Consider this example: What if the information in a particular column of your file is usually an integer but is sometimes missing?  If you choose to represent that column's information with a field of type `int` in your definition of `Consumed`, then you cannot correctly represent rows which do not have an integer in that column.  You then have to choose between throwing away those rows at the `read` phase or modifying your data structure so that you can correctly represent them.  An example of the latter would be to go back and modify the data definition for `Consumed` so that the type of the field corresponding to this column is `Optional[int]`.  Which approach you choose usually depends on whether you will need those rows with missing information during the `analyze` phase.

In contrast, consider the case where we are only going to analyze information from the rows in which that column has a value which is strictly positive.  While it might look appealing to throw away those rows which have a negative or zero value in that column during the `read` phase, you *should not*.  You can correctly represent those values (negative or zero) just fine with the specified field type -- whether that type is `int` or `Optional[int]`; in other words, regardless of the choice you made above -- so you should keep those rows during the `read` phase.  Then during `analyze` you will filter out the data instances with negative or zero values in this field.

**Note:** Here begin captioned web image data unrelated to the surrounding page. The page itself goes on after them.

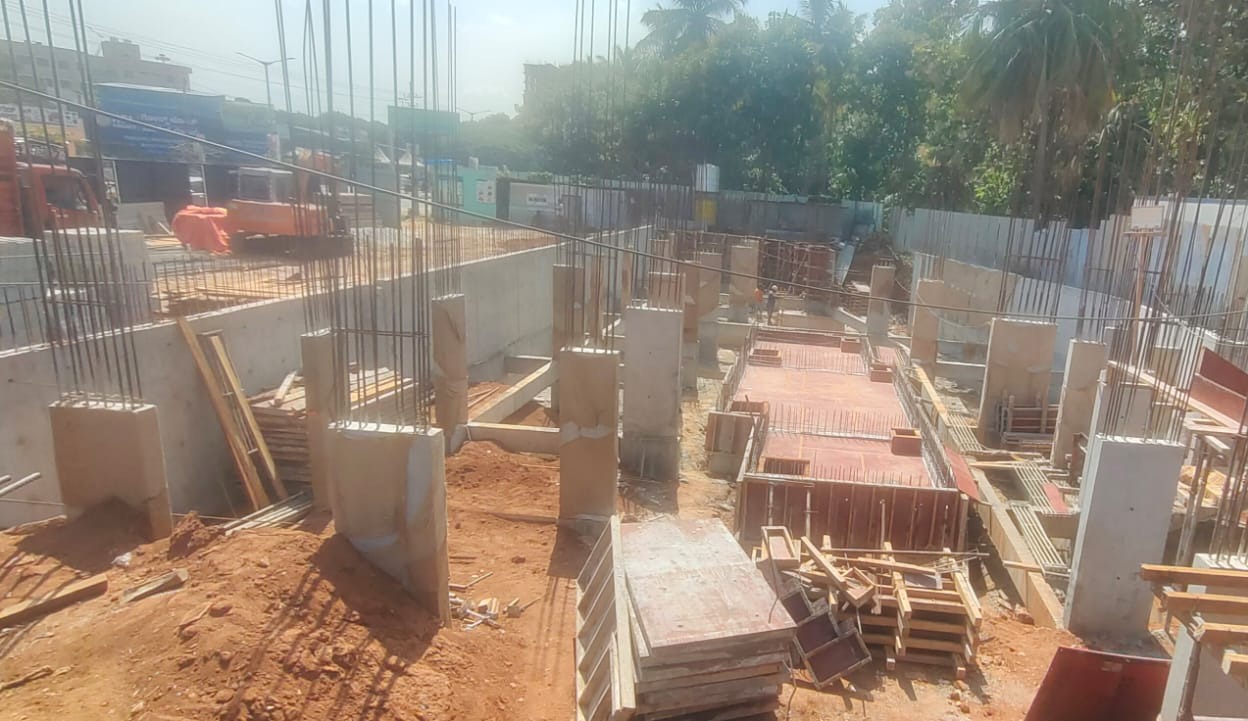 Inland tiara deep excavation is being conducted.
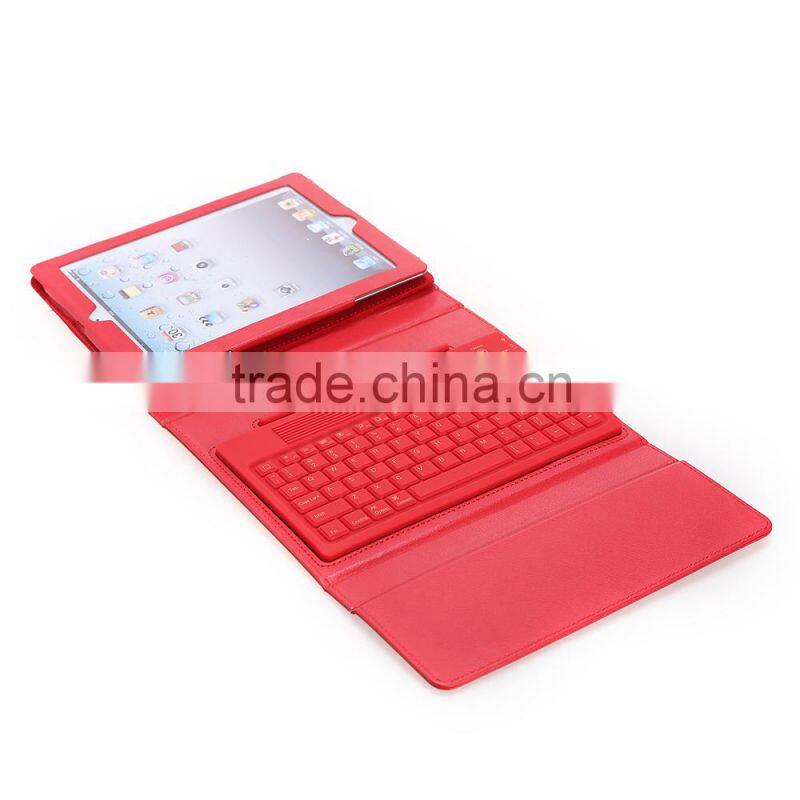 Bluetooth Keyboard for Ipad2 for Ipad3 ,leather cover for samsung Phone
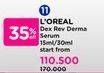 Promo Harga Loreal Dex Revitalift Derma H/ Acid Serum 15 ml - Watsons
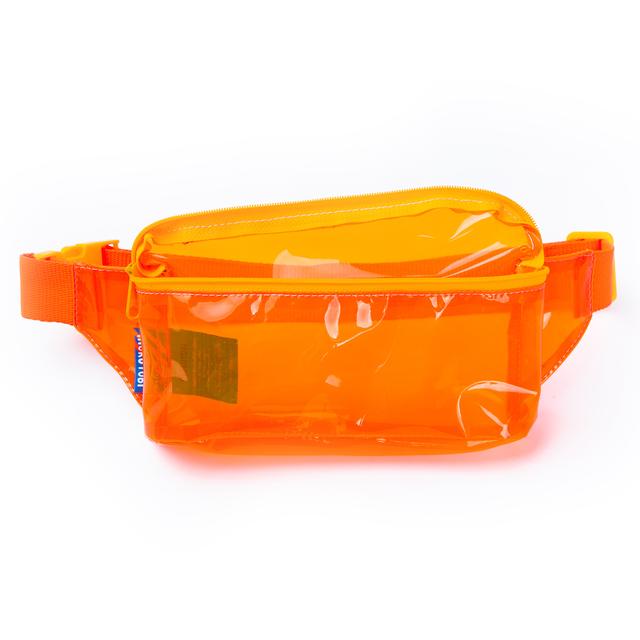 Orange Vinyl Fanny Pack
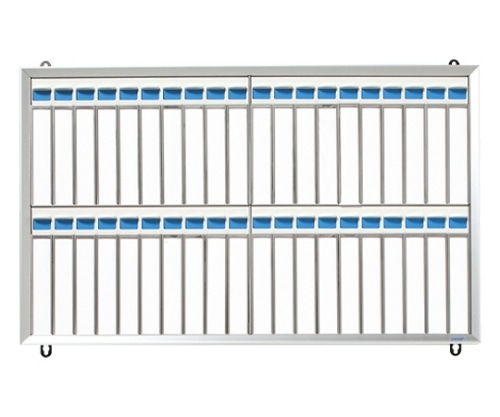 クラウン 名札掛 40名用 CR-NF400K-AL 1個(ご注文単位1個)【直送品】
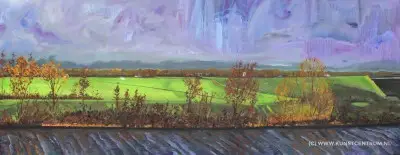 Eem met opkomend onweer Vente Flash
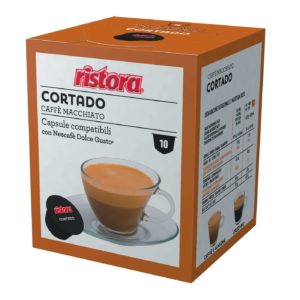 10 capsule di caffè macchiato compatibili Nescafé Dolce Gusto Ristora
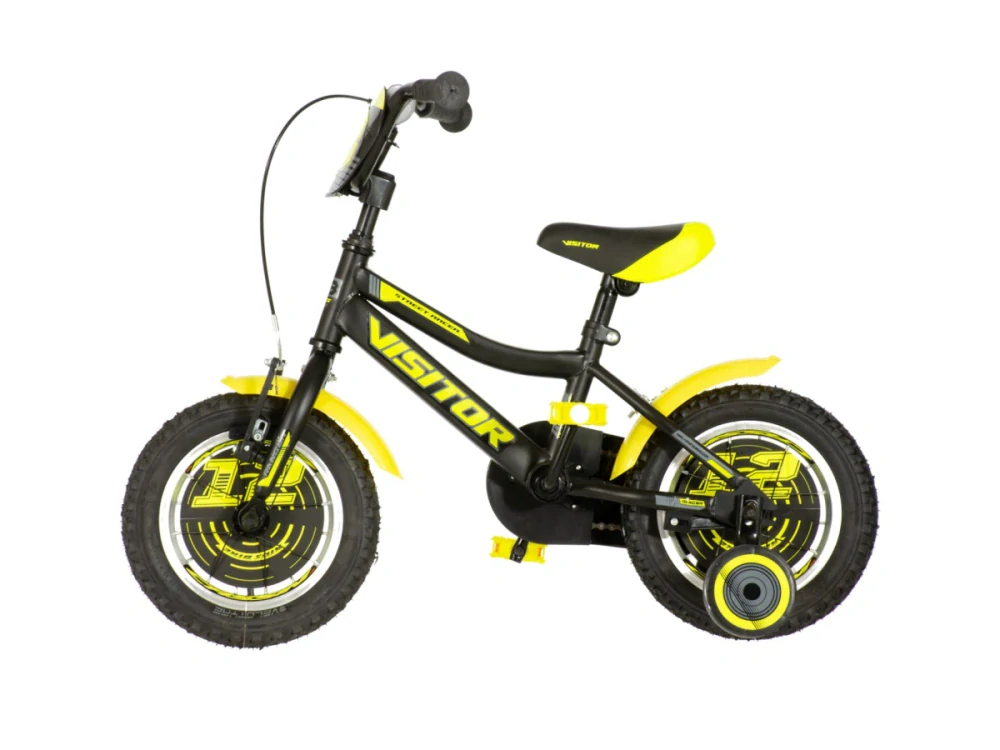Bicykel Visitor Ranger 12" Čierna Žltá KIDS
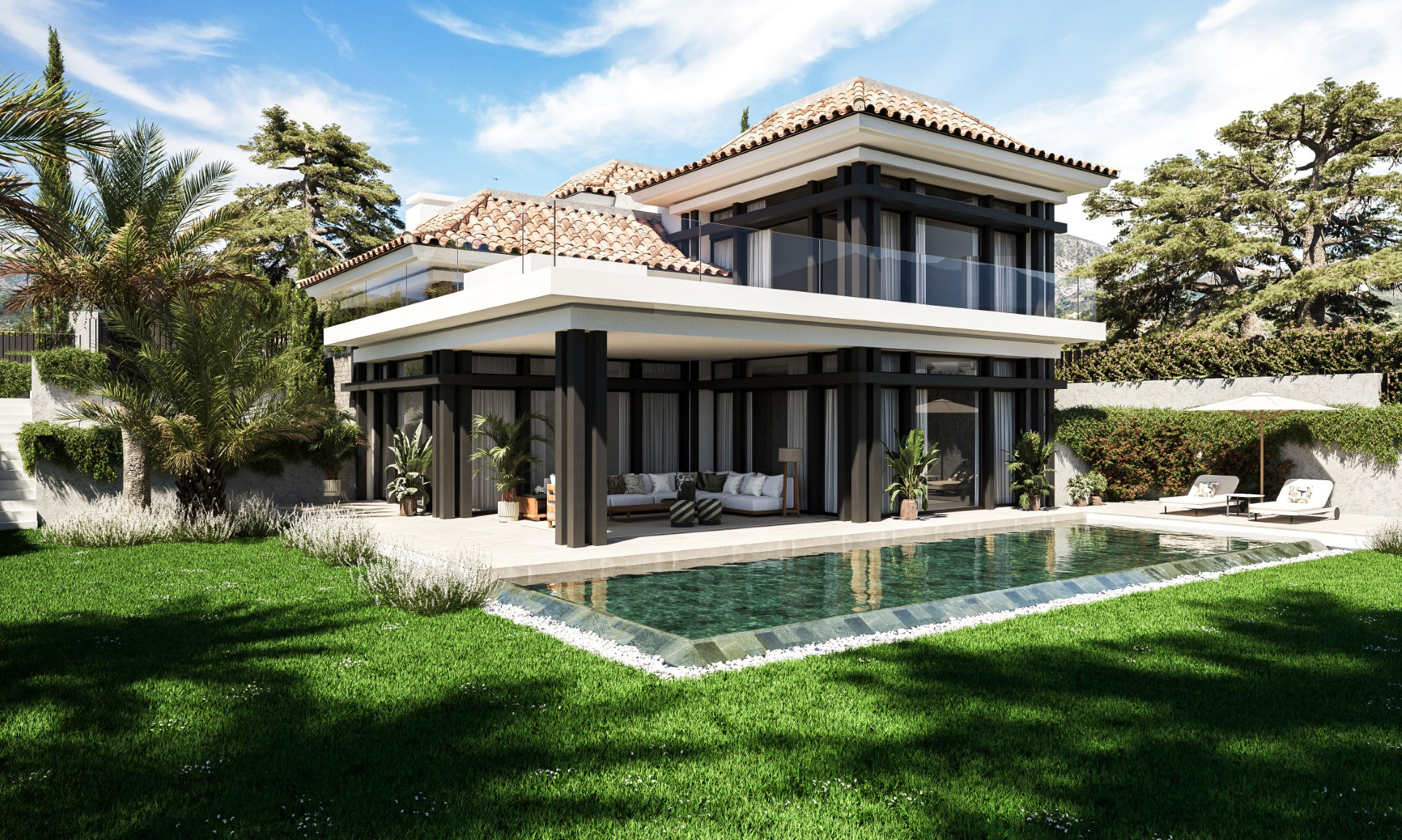 Exquisite villa in Lomas del Rey, Marbella Golden Mile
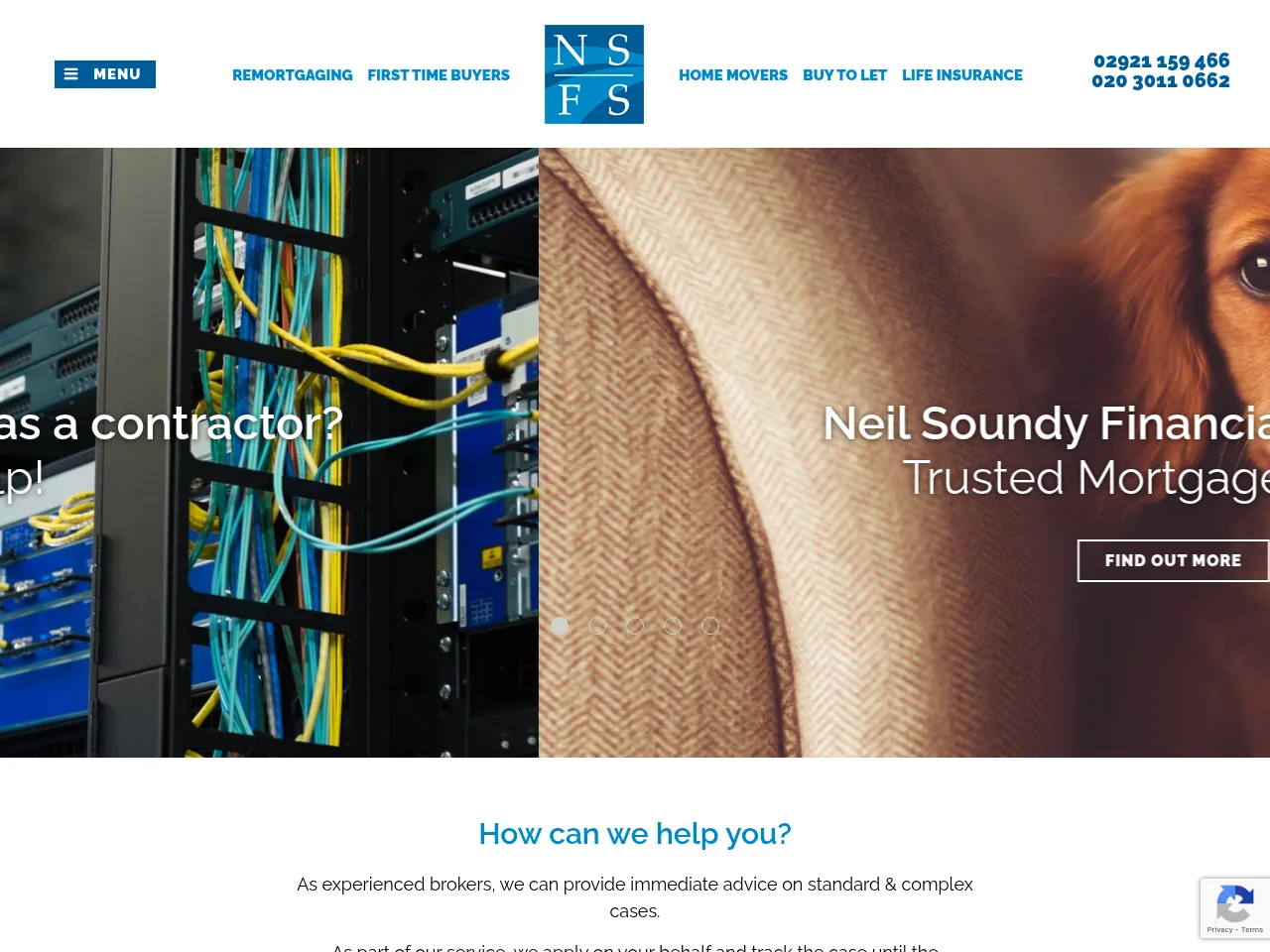 Neil Soundy Financial Services website preview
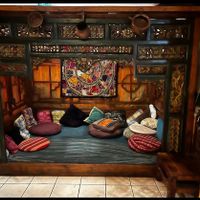 Cute little Nepalese Style nook at Kathmandu Newa Chhe'n in Paddington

<details class="alert alert-info"><summary style="cursor:pointer; display:list-item">ℹ️ But wouldn't it be more efficient to filter while reading?</summary>

You might object that if we filter a row during the `read` phase, then we don't have to use any memory to represent that row in our list of consumed data, and the `analyze` phase won't ever need to look at that data.  That is true: it is more efficient to filter early.  But remember the goal when designing programs: *design and implement for correctness.*  Optimize only after you have correctness, and only if absolutely necessary to do the job.  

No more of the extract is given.